Cyborg & Live Art
The confrence started off with a performance by FoxGlove and Pure Venom. One represented science and the other witchcraft. They argued and disrupted eachother and essentially conveyed their long history and their similar point of orgin. The performance was engaging and humours and a great start.
The duo run the occult club night Coven.
The underground nature of nightlife, particularly LGBT and alternative clubs, also fits with the secret lifestyle that witches have been forced into over the years: “Witches were persecuted throughout history,” explains Lucius. “A lot of the occult scene merges with the queer scene. There’s a parallel between witchcraft and people who feel either persecuted or ostracized. If you belong to a minority, then being more interested in witchcraft goes hand in hand.”
Dr. Jennifer Parker-Starbuck spoke about the ideas in her book Cyborg Theatre: Corporeal/Technological Intersections in Multimedia Performance. I wish she had more time to speak. The whole confrence was a lot of information. Jennifer said that technology was the form and content of performance art in the 90’s. In writting her book she mapped out the development & uses of technology in performance from ancient times to present specifying the subject and object relationship. We have reached a point were we have internalized (not literally) technology. Cyborg can be a metephorical stance aswell a physical one. Extensions of ourselves include internet presence/identies. On a physical level like artist Moon Ribas. Jennifer’s writting is currently leading her towards cyborg animality.

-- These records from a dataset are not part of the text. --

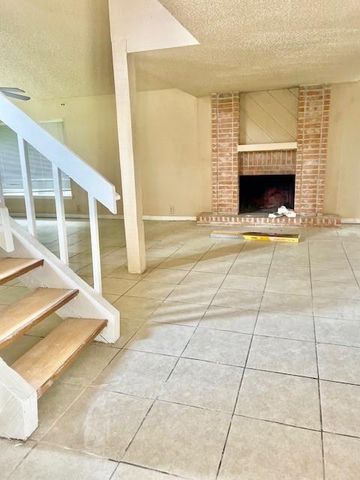 7610 Timberway Lane, Houston, TX 77072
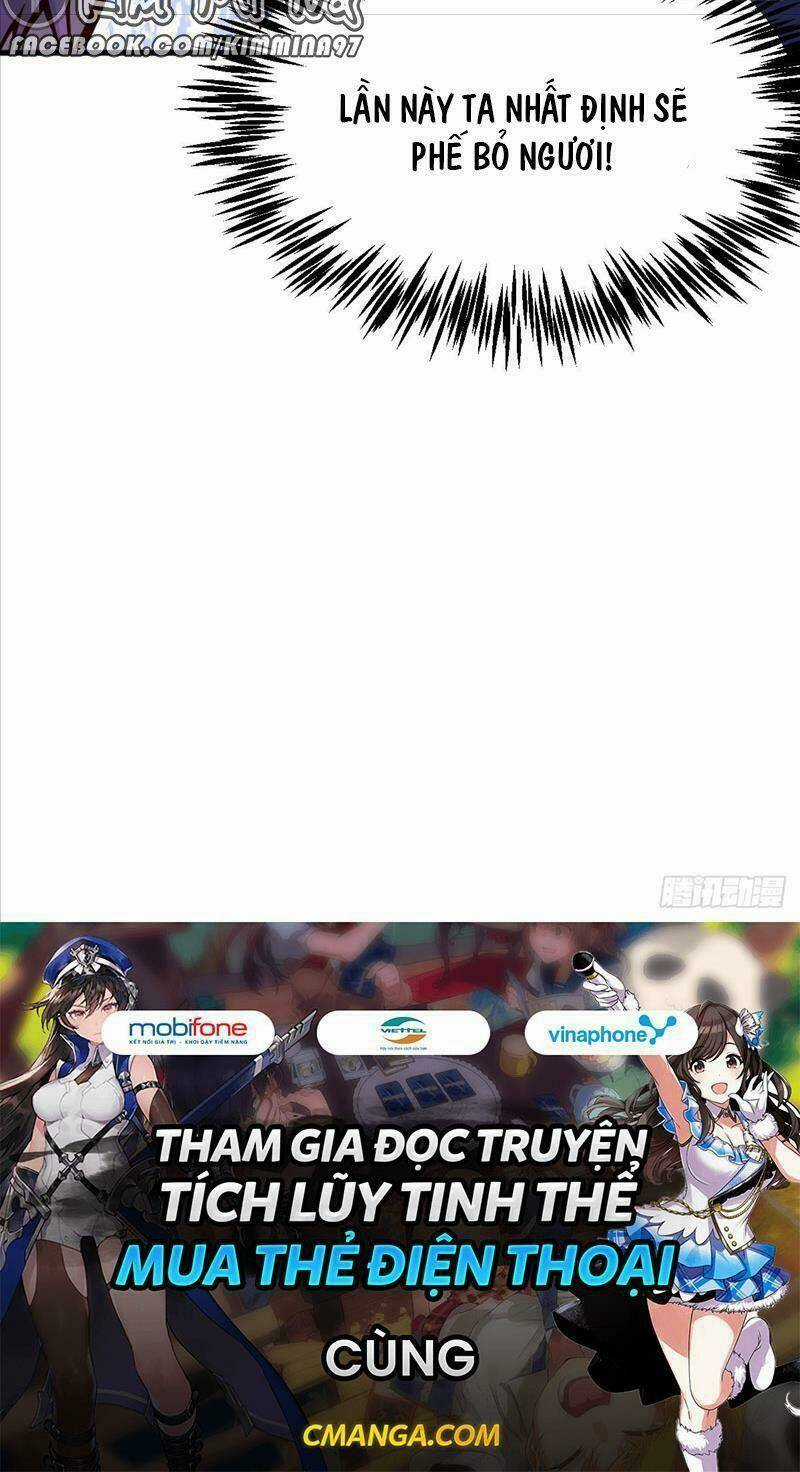 Cửu Vực Chi Thiên Nhãn Quật Khởi Chapter 5 trang 47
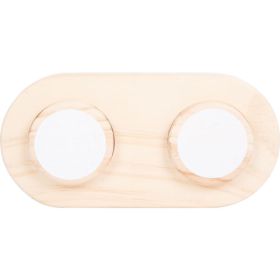 IMG101664_27697 Balancierstege Adventure-image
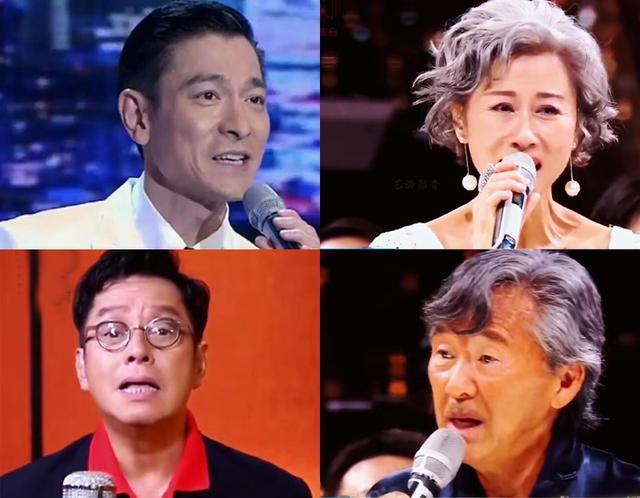 藏族歌曲大全100首，藏族歌曲（90年代十大金曲）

A duo (seen performing in the video below) represented Quimera Rosa, a research and performance collective that runs workshops internationaly around technology, the body and sound. The body is explored through powerdynamics, submission, domination, sexuality, senuality, gender, animal, breaking down, amplifying, adding.. The body becomes a sensorial interface.
“Our work is based on the deconstruction of sex and gender identities as well as in the interaction body/machine/environment. Our performances present hybrid beings, chimeras, where the production of the subjectivity is the result of a prosthetic incorporation.
Aware by transfeminist and postidentitary discourses, we make bodies a platform for public intervention, breaking up limits between public and private. We understand sexuality as a technological and artistic creation and seek to experiment hybrid, flexible and changing identities able to blur frontiers between natural/artificial, normal/abnormal, man/woman, hetero/homo, human/machine, human/ animal, politic/art, science/art, reality/fiction…”
a topic that was discussed with Quirmira Rosa was the postporn movement in Spain and the difference between porn and post porn. The only clear difference I could pin down was that the point of post porn is not to create something the viewer can wank to.
“Post-porn reflects on pleasure and pain, quivering bodies, the concept of injury and the scatological as possible tools for catharsis and regeneration. The allusions to death and bodily fluids as obscene subjects. Indeed, the movement is a creative and revolutionary one that calls on us to reflect on what a pornographic image is, what sex work is, what gender is, and what the whole point of feminism is.
The implications of this strategy may be understood through reading feminist theory. In Gender Trouble: Feminism and the Subversion of Identity (New York: Routledge, 1990) Judith Butler suggests that gender norms function as a mechanism that produces subjectivity, which has served as the basis for a series of groups classified as sexual minorities that are gaining acceptance, such as the transsexual community. She poses the idea of sex as something natural that has been configured within the logic of the gender binary. This book cast doubt on the status of ‘woman’ or ‘women’ and forced the feminist movement to rethink its assumptions and to understand that ‘women’, are more than simply a given collective subject—they are of political significance. This created a revolution in identity politics, marking the evolution of feminism toward queer theory and pro-sex feminism, the bases of post-porn.”
The last speaker was Victoria Sin reading a really well written essay on speculative fiction, intersentional discourse, and her reasent project Dream Babes.
Victoria on the Left at Dream Babes.
“The project’s iterations include a regular QTIPOC focused sci-fi reading group; Speculative Sex: an event featuring the work of Shu Lea Cheang and Eric Pussyboy investigating the potential for science fiction narratives to disrupt scientific narratives naturalizing normative states of sex and gender; and a three-day programme of events bringing together eleven artists working across varied mediums to enact queer collectivity and to create space to image queer futurity.”